А еще в сентябре 1958 года, когда он «шел по камням на разбитых ногах, страдал и думал», зачем «принимает эти муки», Казаков в дневнике тут же обронил фразу: «Это прекрасное дикое ущелье, красный лес по его склонам опять навели меня на мысль о доме здесь – выстроить дом и приезжать сюда на лето…»
Что же до тех северных художников, личность и опыт которых были Казакову особенно дороги, то среди них нельзя не выделить поморского сказочника и живописца Степана Писахова (1879–1960), чье творчество представлялось Казакову «явлением первородной мощи».
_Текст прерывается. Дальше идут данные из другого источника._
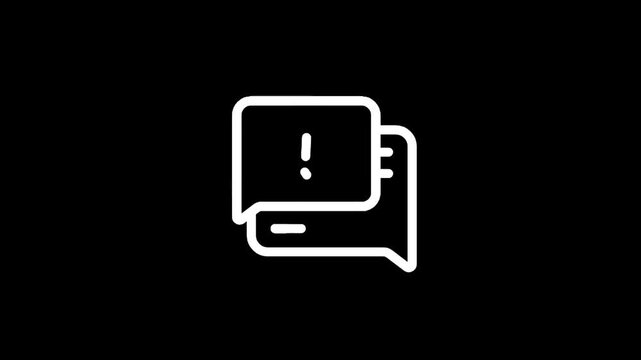 Alert notification icon with speech bubbles and exclamation mark on black background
В статье «Северный волшебник слова» (1959) Казаков рассказывал, как ходил он в Архангельске в известный всему городу дом Степана Григорьевича Писахова; как встретил его на пороге «маленький, с желтыми усами книзу, страшными бровями, с длинными густыми волосами» странноватый человек, ввел к себе и сразу «заговорил, засмеялся, стал необычайно привлекательным», как подарил он гостю книжку своих чудесных сказок и написал на ней: «С приветом не от того Севера, которым пугают людей Юга: моржи, медведи, льды, дикие люди, наполняющие город Архангельск… – от Севера, красой своих просторов венчающего земной шар!»
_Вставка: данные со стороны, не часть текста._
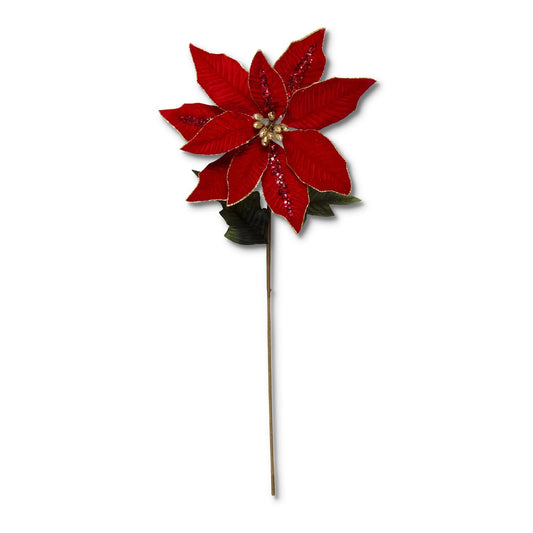 Red Velvet Poinsettia Stem with Sequins, Gold Trim and Center - 30"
В этом двухэтажном деревянном доме на Поморской улице Писахов родился и прожил восемьдесят лет. В 1930-х годах, когда преподавал в школе рисование, он водил сюда своих учеников. Как сообщал Александр Горелов в очерке «Череда чудес» (1978), мастерская Писахова выглядела подлинным святилищем духа: «с арктическими и лесными пейзажами хозяина на стенах, с берестяными туесками и пряничными досками северной работы, с копией гудоновского бюста: Вольтер в платочке. На полках стояли ровным строем книги (иные толстенные – с цветными рукописными заставками, с застежками), а низкие шкафы у стен были полным-полны бумаг, вырезок о Севере и искусстве». Писахов ставил ученикам гипсы и, пока они рисовали, «пересказывал гомеровский эпос, эпизоды «Дон Кихота», неподражаемо рассказывал пинежским говорком народные и свои собственные сказки, говорил о любимых, но совсем непохожих на него художниках – Брюллове, Ван-Дейке, исполинах Возрождения. Он непрестанно витал в какой-то высшей сфере – человек, к которому приезжали погостить полярники, писатели, заходили рабочие дока, краеведы. Он учил высоко мыслить, мечтать и изо всех сил тянуться к осуществлению своей мечты».
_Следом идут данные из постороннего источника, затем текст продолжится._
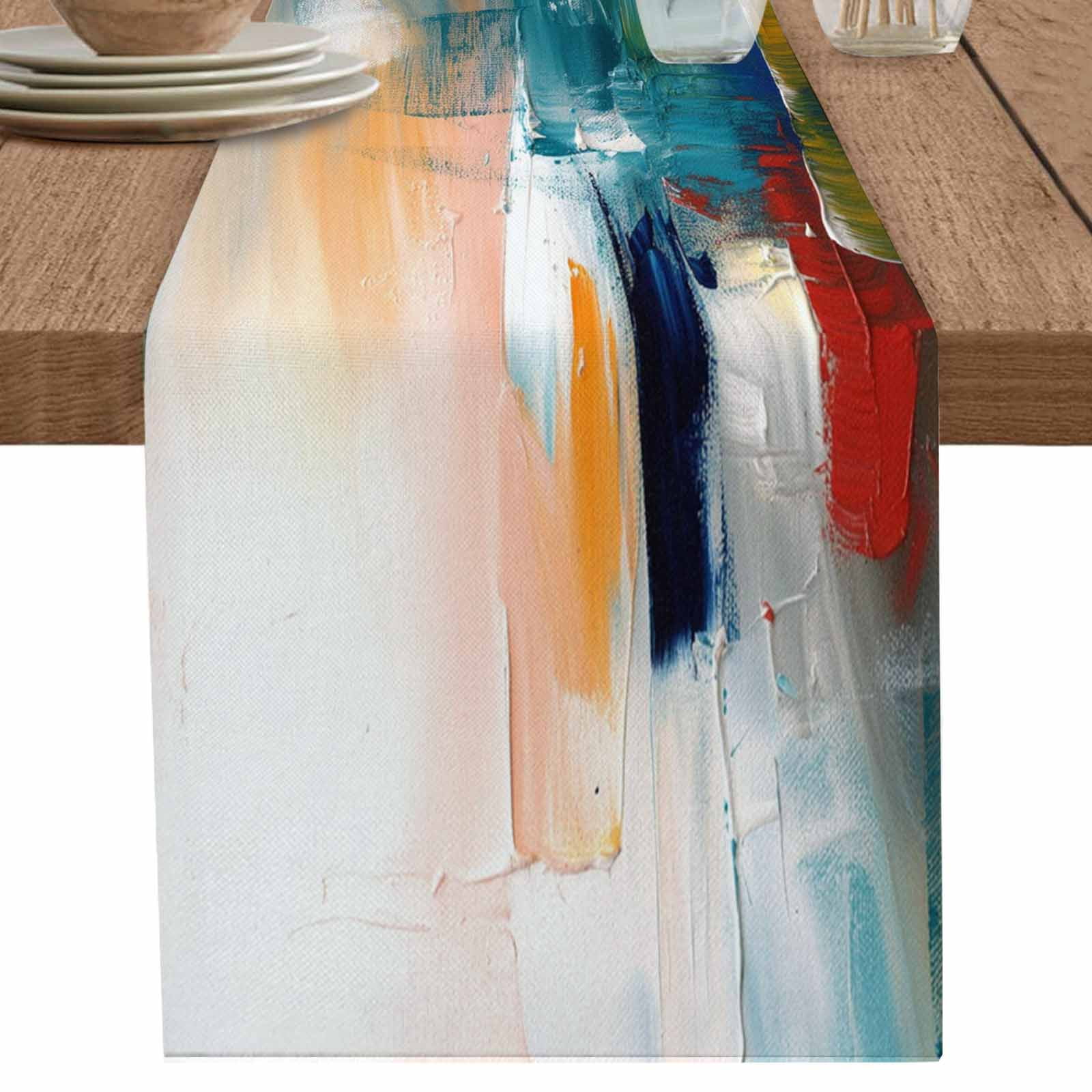 nqOlkjepod Colorful Ombre Table Runner 70 Inches Long Farmhouse Dress ...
Писахов был редкой, уникальной личностью, и судьба ему досталась неординарная. Вольнослушатель Санкт-Петербургского центрального училища технического рисования барона Штиглица, он в результате событий 1905 года вынужден был покинуть его стены и, вернувшись к себе на Север, объездил дальние поселения Печоры, Мезени, Пинеги, Онеги, разыскивая и запечатлевая на своих акварелях сотни памятников древненовгородской архитектуры. В ту же пору Писахов успел пожить на Новой Земле в стойбище Малые Кармакулы и вызывал немалое удивление ненцев своей непривычной работой: «будто весь мир хотел сложить в свой ящик» (этюдник), а также тем, что не пил водки, не курил табаку, не называл плохое хорошим. Он же, в свою очередь, тоже был удивлен и счастлив, живя, как пишет Александр Горелов, «возле этих искренних людей, возле птичьих гнездовий, где можно было дышать простором океана и испытывать ни с чем не сравнимое состояние единения Человека и Земли», где его чувство «оказывалось совершенно родственным, а может быть, и равным чувству неграмотного ненца, своей душой обнимающего природу».